A nonchalant comment on Mondays, life goals and feeling good about yourself.

As I sit down to write about this, I suddenly realize most of what lead me to write this relates closely to being in Japan, and I believe that Japanese men would particularly enjoy this read.

I'm not racist.



It's just about culture. Yesterday I had this huge ass scary "opportunity to perform well and show my prowess"... a test. A big presentation at work, a deal you must close, the JLPT... all these things are tests, just like the ones you and I had to take on History or Mathematics. And, even though I was as prepared as I would ever be, I was stressing over it. I feel good when I get to put stuff that's bothering me behind. That's just the way I am, the way I was raised and where it brought me to. If I had to talk about Brazilian culture, however, I'd probably say most people don't stress too much... about pretty much anything. I'm not the best cultural representative. Not too good at soccer either (proudly so).

But then again, I'm not a believer of geographic determinism.

I don't blame stuff that happens to me on my latitude and longitude, as much as I don't put responsibility for my own issues on other people. This is also the case here: I was stressing over something that was not that hard. Even though I strongly feel that the constant "ganbatte"s of my social group did increase my own uneasiness, I cannot fail to point out that they were merely trying to be nice while touching on a very sensitive spot. I just had some stress that I have no one else to blame on but myself. And then, I was looking around the train as I came back home... I always think the strangest things when I'm staring at people on trains...

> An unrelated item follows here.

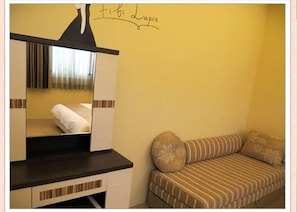 Classic Double Room | Desk, blackout drapes, rollaway beds, free WiFi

Oh, forgive me for those. I just like music, specially when I'm writing. So indulge me and let's listen to the same sounds... reader and writer. Press play.

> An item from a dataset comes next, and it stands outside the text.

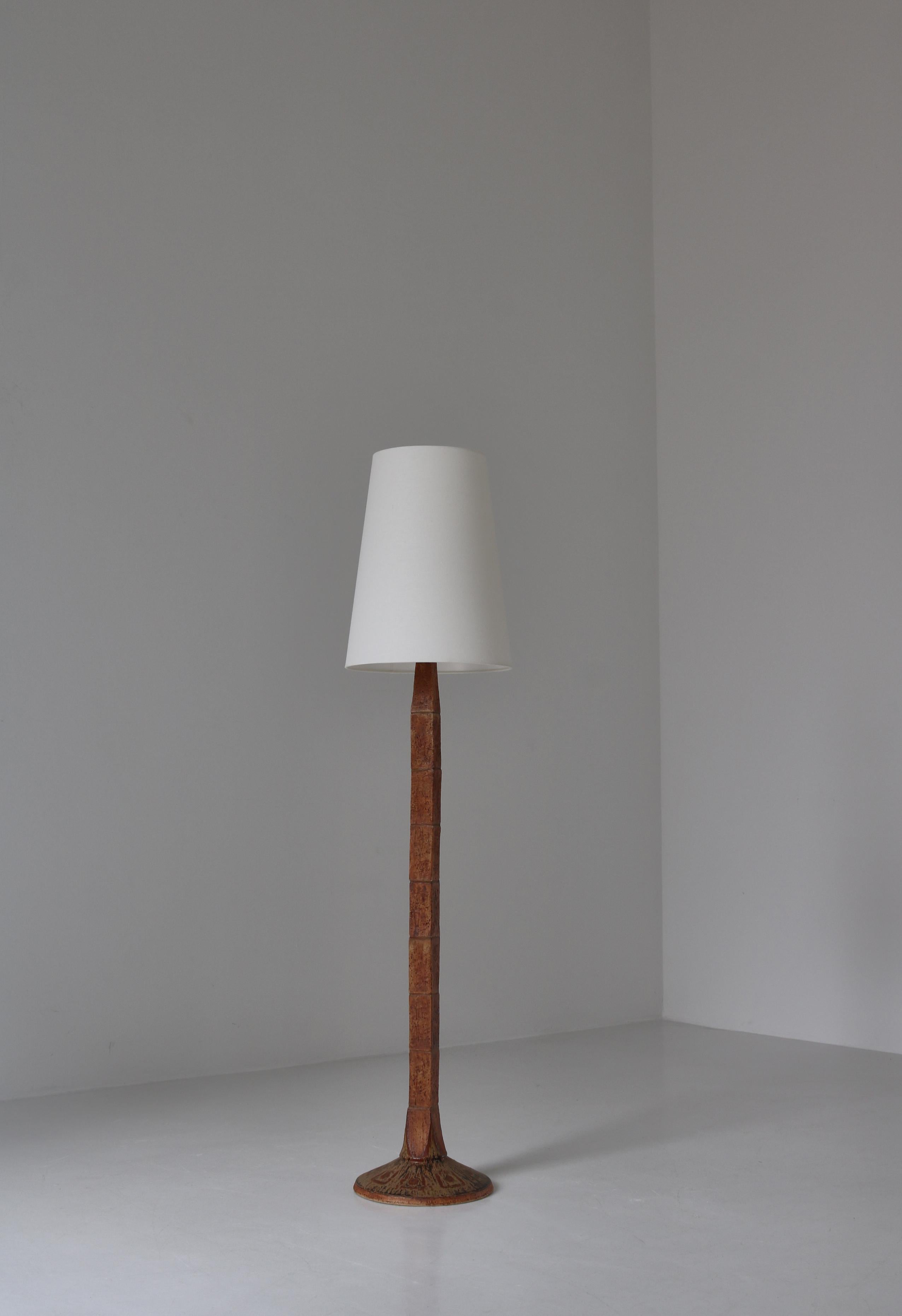 Stunning handmade stoneware floor lamp in Brutalist style with brown glazing made at the workshop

And as I look back on the situation I forced myself into, I feel so bad for feeling bad... I deliberately forced myself to feel bad. As simple as that. Sure, I had to prepare and all, but do you really think being scared makes you perform better? That's why I have trouble understanding why people put themselves through non-required suffering, like getting corporate jobs, or trying to fit into whatever culture (even your own).



I'm being honest here: I don't think anyone should try too hard to belong anywhere, even if it's your own country. And this is something that makes a lot of sense for me, a dude who has felt out of place. Don't go getting mellow on me, I'm not sad about it, and that might make it harder to understand. Being "in my place" or "in a place I belong" is not something I value. Au contraire, I value the effort to survive and breath outside your own "place". I value what's foreign, instead of taking that as a bad thing. What people have to understand is the fact that I'm not like everybody. In fact, nobody is. Individuality is a hard think to understand.

Talk about Japan...

Personally, I see no reason not to feel good about myself all the time. You buy a new computer, you buy new shoes, you eat this delicious meal, you have a one night stand with a gorgeous woman, you get a big client for your company. If you can imagine the way you'd feel right then, like you're walking on top of the world. Like you're the coolest mudafocka on the whole planet... like a 5 year-old kid would walk. With the swagger and all. That's what I think I should be like all the time, but I'm still working on it. Getting back to being young is sure gonna take another couple of years, but I'm not in a hurry or anything. I hope Japanese dudes out there will understand what I mean.